### EXERCISE OBJECTIVE
Return, exactly and in full, the lines of the records below starting at the one with "Formal plates - Kyma" and ending at the one with "Herren Sportliche Air", and no other lines.

### MATERIAL SUPPLIED
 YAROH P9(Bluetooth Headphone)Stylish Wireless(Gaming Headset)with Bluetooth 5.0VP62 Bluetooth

--

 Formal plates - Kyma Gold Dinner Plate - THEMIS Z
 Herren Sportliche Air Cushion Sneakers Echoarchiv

### YOUR RESPONSE
 Formal plates - Kyma Gold Dinner Plate - THEMIS Z
 Herren Sportliche Air Cushion Sneakers Echoarchiv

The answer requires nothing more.